2
1 Wanneer dan een vermaning in Christus of een liefderijk woord, geestesgemeenschap, hartelijkheid of deernis nog vat op u heeft,
2 maakt dan mijn vreugde volkomen door eensgezind te zijn, de onderlinge liefde te bewaren, en eenstemmig hetzelfde na te streven;
3 door niets uit partijzucht of ijdele glorie te doen, maar ootmoedig een ander hoger te achten dan uzelf;
4 door niet alleen op uw eigen belang te letten, maar ook op dat van anderen bedacht te zijn.
5 L at dezelfde gezindheid onder u heersen, als ook in Christus Jesus was.
6 Want hoewel Hij Gods gestalte bezat en zijn gelijkheid met God geen roof hoefde achten,
7 heeft Hij toch er Zich van ontdaan, door de gestalte aan te nemen van een slaaf en gelijk te worden aan de mensen.
8 En toen Hij uiterlijk als een mens werd bevonden, heeft Hij Zich nog vernederd, door gehoorzaam te worden tot de dood, ja, tot de dood van het kruis.
9 Maar daarom dan ook heeft God Hem verheven en Hem de Naam gegeven hoog boven alle namen,
10 opdat in de Naam van Jesus iedere knie zich zou buigen in de hemel, op aarde en onder de aarde,
11 en iedere tong zou belijden tot glorie van God den Vader, dat Jesus Christus de Heer is.
12 Mijn geliefden, omdat gij altijd gehoorzaam zijt, weest het dan ook niet alleen, wanneer ik bij u ben, maar thans bij mijn afwezigheid nog veel meer.
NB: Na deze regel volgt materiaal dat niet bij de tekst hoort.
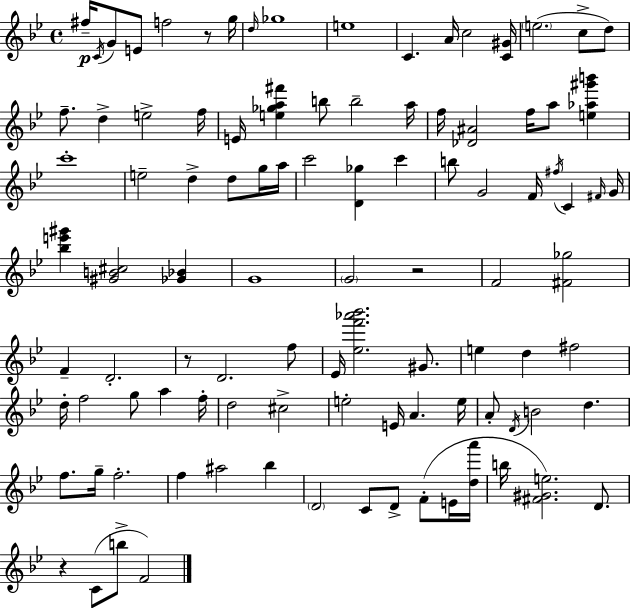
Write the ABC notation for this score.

X:1
T:Untitled
M:4/4
L:1/4
K:Gm
^f/4 C/4 G/2 E/2 f2 z/2 g/4 d/4 _g4 e4 C A/4 c2 [C^G]/4 e2 c/2 d/2 f/2 d e2 f/4 E/4 [e_ga^f'] b/2 b2 a/4 f/4 [_D^A]2 f/4 a/2 [e_a^g'b'] c'4 e2 d d/2 g/4 a/4 c'2 [D_g] c' b/2 G2 F/4 ^f/4 C ^F/4 G/4 [_be'^g'] [^GB^c]2 [_G_B] G4 G2 z2 F2 [^F_g]2 F D2 z/2 D2 f/2 _E/4 [_ef'_a'_b']2 ^G/2 e d ^f2 d/4 f2 g/2 a f/4 d2 ^c2 e2 E/4 A e/4 A/2 D/4 B2 d f/2 g/4 f2 f ^a2 _b D2 C/2 D/2 F/2 E/4 [da']/4 b/4 [^F^Ge]2 D/2 z C/2 b/2 F2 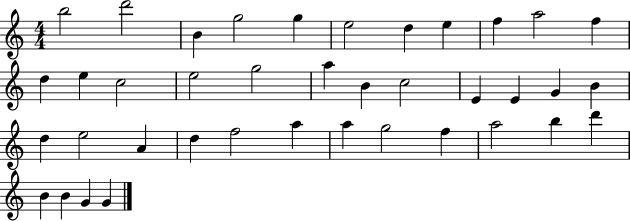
X:1
T:Untitled
M:4/4
L:1/4
K:C
b2 d'2 B g2 g e2 d e f a2 f d e c2 e2 g2 a B c2 E E G B d e2 A d f2 a a g2 f a2 b d' B B G G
Bewerkt uw heil met vrezen en beven;
13 want God is het, die naar zijn welbehagen in u het willen uitwerkt en het handelen.
14 Doet alles zonder morren en aarzelen,
15 opdat gij onberispelijk moogt zijn en ongerept, vlekkeloze kinderen van God temidden van een krom en verdraaid geslacht, waaronder gij schittert als sterren in het heelal.
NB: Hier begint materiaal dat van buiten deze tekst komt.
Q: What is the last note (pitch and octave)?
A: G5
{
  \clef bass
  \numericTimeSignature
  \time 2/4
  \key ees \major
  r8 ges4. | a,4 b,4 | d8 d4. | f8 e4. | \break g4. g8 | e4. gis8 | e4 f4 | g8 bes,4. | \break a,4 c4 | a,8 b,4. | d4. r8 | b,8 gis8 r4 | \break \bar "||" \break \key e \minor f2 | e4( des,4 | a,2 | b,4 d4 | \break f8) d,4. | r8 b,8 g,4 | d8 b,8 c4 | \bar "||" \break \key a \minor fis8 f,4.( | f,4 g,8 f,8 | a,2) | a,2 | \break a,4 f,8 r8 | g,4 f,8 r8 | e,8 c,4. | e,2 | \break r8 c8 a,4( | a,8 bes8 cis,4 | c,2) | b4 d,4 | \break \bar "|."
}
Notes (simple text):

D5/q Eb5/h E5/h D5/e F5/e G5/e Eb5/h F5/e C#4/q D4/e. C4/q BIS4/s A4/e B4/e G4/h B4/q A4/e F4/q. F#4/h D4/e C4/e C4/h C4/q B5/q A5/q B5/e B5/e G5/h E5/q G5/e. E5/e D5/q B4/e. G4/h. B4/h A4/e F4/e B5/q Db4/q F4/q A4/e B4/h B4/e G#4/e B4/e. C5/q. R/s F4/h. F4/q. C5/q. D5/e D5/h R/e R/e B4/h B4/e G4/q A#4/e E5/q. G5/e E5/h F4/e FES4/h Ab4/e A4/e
16 Houdt vast aan het woord des levens, opdat ik op de Dag van Christus kan roemen, dat ik niet tevergeefs heb gelopen of tevergeefs heb gezwoegd.
17 En al word ik dan ook als plengoffer vergoten bij de offerande en de eredienst van uw geloof, dan blijf ik me toch nog verheugen, en mij met u allen verblijden.
18 En ook gij moet u er over verheugen, en blijde met me zijn.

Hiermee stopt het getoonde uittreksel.